Wednesday, October 26, 2022

Asymptotic Probability of not finding a pair

Consider the problem of finding the probability of not finding a pair (not two consecutive cards of the same rank) from a well shuffled pack. We already discussed this problem in this post where I could this stackexchange post that uses Generating function to solve the problem.

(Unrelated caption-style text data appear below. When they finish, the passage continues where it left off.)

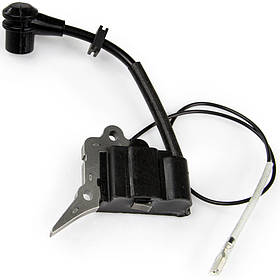 Модуль запалювання MAR-POL M83409 катушка запалювання бензопила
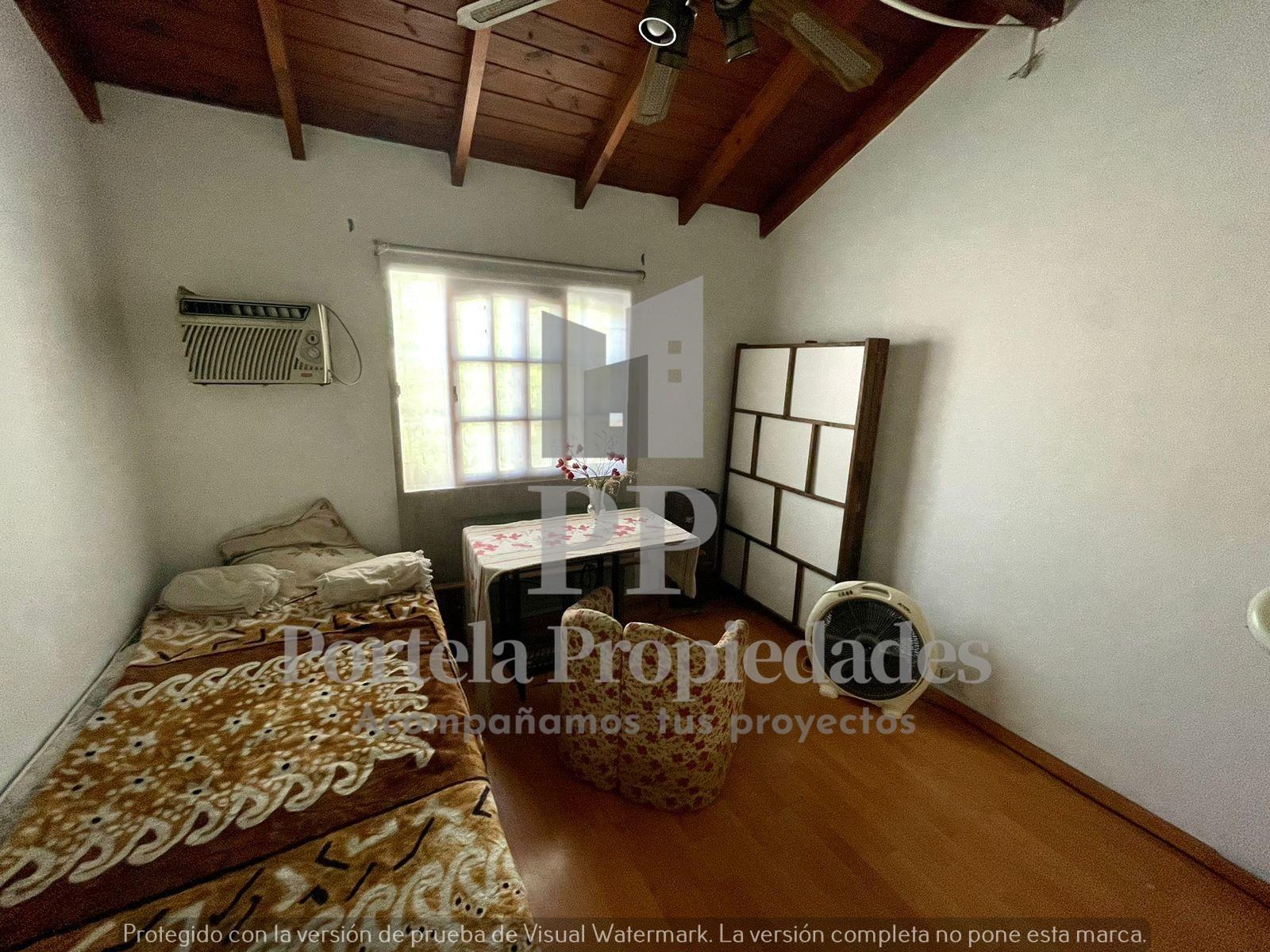 Fray Mamerto Esquiu 618 · Merlo — foto 7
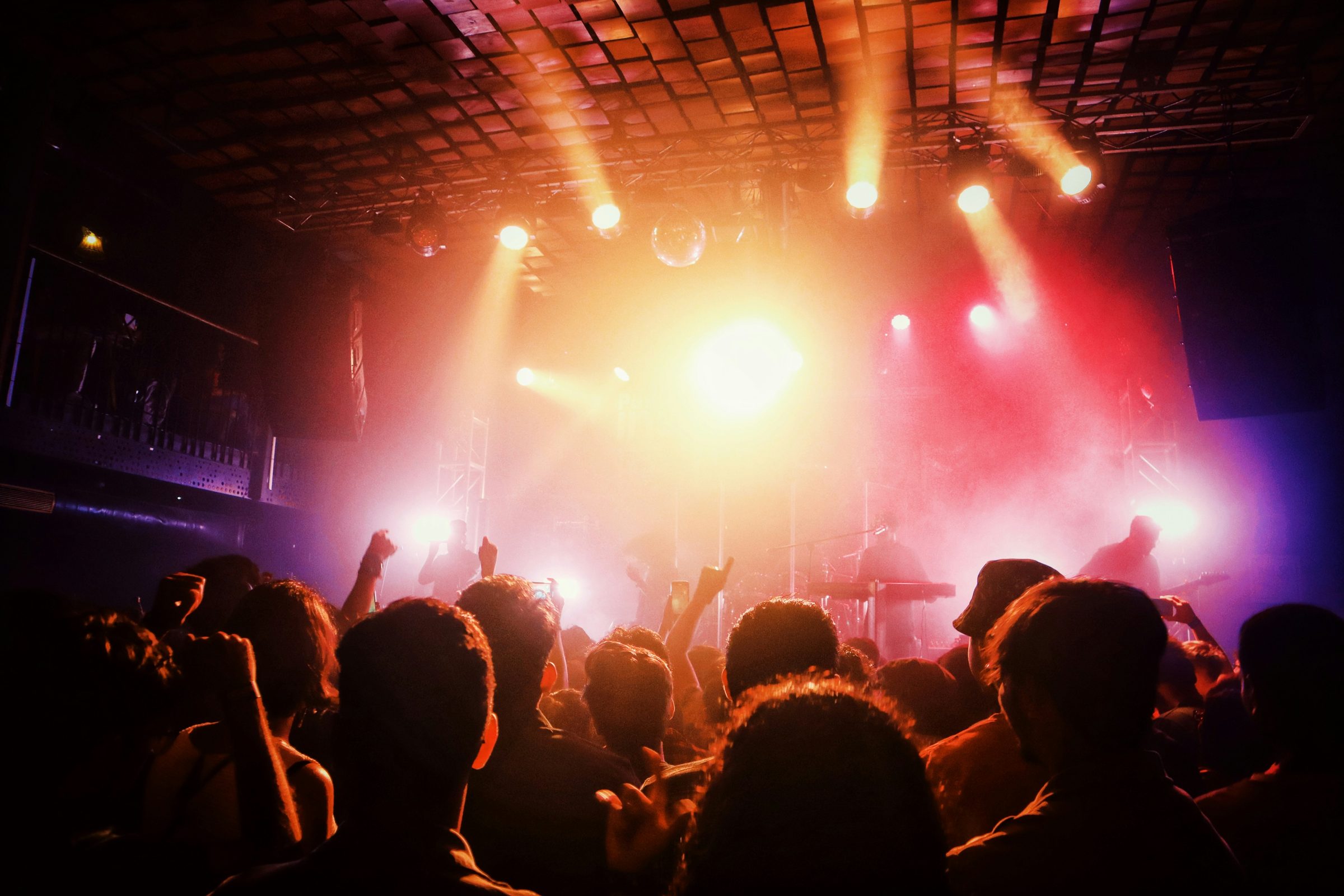 Concert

I was eventually able to understand the Generating function approach in the SE post. I'll postpone that for a later post as we'll be looking at something equally interesting in this post. We'll be using the usual well known approach that is indispensable in this type of problems.

Using the ideas in the SE post, we see that the probability of not finding a pair in a pack of well shuffled deck is given by the integral,

$\displaystyle \mathbb{P}(\text{No pair})=\frac{1}{52!}\int_0^\infty e^{-z} (z^4-12z^3+36z^2-24z)^{13}\,dz$

Notice that this is not exactly in the form given in the SE post but we'll probe how the two expressions are equivalent in a later post. For now, let's focus just on the integral. Let,

$\displaystyle I_{4,n}=\int_0^\infty e^{-z} (z^4-12z^3+36z^2-24z)^n\,dz$

To apply Lapalce's method, we manipulate the above like as shown below.

$\displaystyle I_{4,n}=\int_0^\infty e^{n(-z/n+\ln(z^4-12z^3+36z^2-24z))}\,dz$

We now need the value of $z=z_0$ where the function $f(z)=-z/n+\ln(z^4-12z^3+36z^2-24z)$ is maximized. Here's where things get a little interesting.

Even though, it seems to be very hard to find the exact value of $z_0$, with some experimentation, it seems $z_0 \approx 4n+3$ for large $n$.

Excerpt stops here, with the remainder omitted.